Женщина с винтовкой - страница 10



А искусство, а музыка, а красота Божьего мира – разве всё это доступно пониманию и чувствам юности? Она, эта молодость, живёт только внутренними ощущениями, кипением своей собственной жизни. Окружающее как-то проходит мимо… Разве может, например, молодость провести час ночью в саду, глядя на высокое звёздное небо и поражаясь чуду Божьего мира и ничтожности человеческих песчинок во вселенной… Молодость живёт сама собой, но, по правде сказать, не ценит она, эта молодость, своих красок и своих ощущений. Чего стоят, например, одни эти первые смешные, глупые, неловкие поцелуи, о которых в зрелом возрасте человек вспоминает с увлажнёнными глазами и нежной улыбкой. И осторожно вынимает эти бриллиантики воспоминаний из шкатулки прошлого, чтобы ласково и немножко печально улыбнуться и, с бережной нежностью уложив обратно, вернуться к жизненному бою сегодняшнего дня…

Но всё-таки я думаю, что люди переоценивают краски и радости молодости. Возьмите хотя бы материнство – сколько радости даёт мне и теперь мой Горенька, хотя он уже на голову перерос меня? Есть во взрослом человеке что-то, что зовётся – то ли жизненным опытом, то ли житейской мудростью, что окрашивает всё в жизни мягкими красками понимания, снисхождения, ясности. Это тоже стоит и яркости молодости…

Извините, дорогой читатель, за этакое «лирическое отступление». Вероятно, правда, что перешагнув половину своей жизни, человек становится немножко философом…
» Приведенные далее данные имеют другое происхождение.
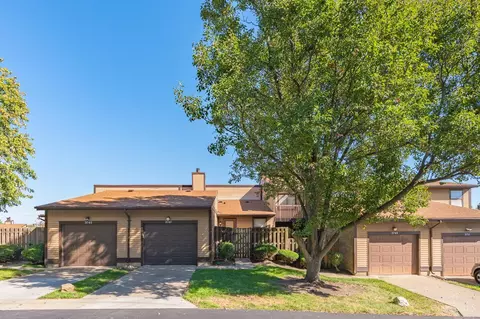 3747 Mack Rd, Fairfield, OH 45014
Итак, я продолжаю свой рассказ…

Апрель 1917 года. Наша Россия мало-помалу погружалась в состояние хаоса. Ленин продолжал с балкона, занятого им силой дворца, громить правительство «буржуев, империалистов и классовых врагов пролетариата», призывать к развалу фронта, к братанью с немцами, к неповиновению и дезертирству. От него, как от какого-то заразного центра, шли постепенно во все углы фронта и страны волны какой-то растерянности, потом недоумения, потом задумчивости, досады, ненависти и решимости не подчиняться и разрушить тот государственный режим, который послал простых людей на фронт, вместо того, чтобы им сидеть в родной хате, обнимать свою привычную бабу, вести хозяйство и не думать ни о чём, что крупнее своей деревни или своей волости.

И Ленину всё сходило с рук. Был сумасшедший период опьянения «свободой». Всё было позволено. Каждый «занимался политикой», как ему хотелось…

А на фронте в то время готовилось наступление. Министр Керенский входил в ореол своей славы. Он носился по всей России, по всем фронтам и всех «уговаривал». Уговаривал: солдат – воевать, крестьян – не забирать помещичьи земли, рабочих – работать на оборону, граждан – повиноваться Временному правительству, интеллигенцию – быть достойной «завоёванной свободы».

Красивые слова сыпались из его уст, как весенний дождь, но всё это мало помогало. Особенно остро стоял вопрос на фронте. Армия технически была подготовлена сильнее, чем когда-либо в истории России, но в её душе появилась уже какая-то зловещая трещина. Не столько усталость, как какое-то безверие. Солдаты ещё не кричали ленинское «Долой войну!», но уже спрашивали: «зачем эта война нам нужна?» и «зачем мне эта победа, ежели из моего брюха будет лопух расти?».

Я лично по-прежнему плохо разбиралась в происходящем и только ощущала чуткой молодой душой, что тут «что-то не так». Что именно – я не могла понять, но сердце уже начинало чуять какое-то всё растущее грозное напряжение и неизбежную беду.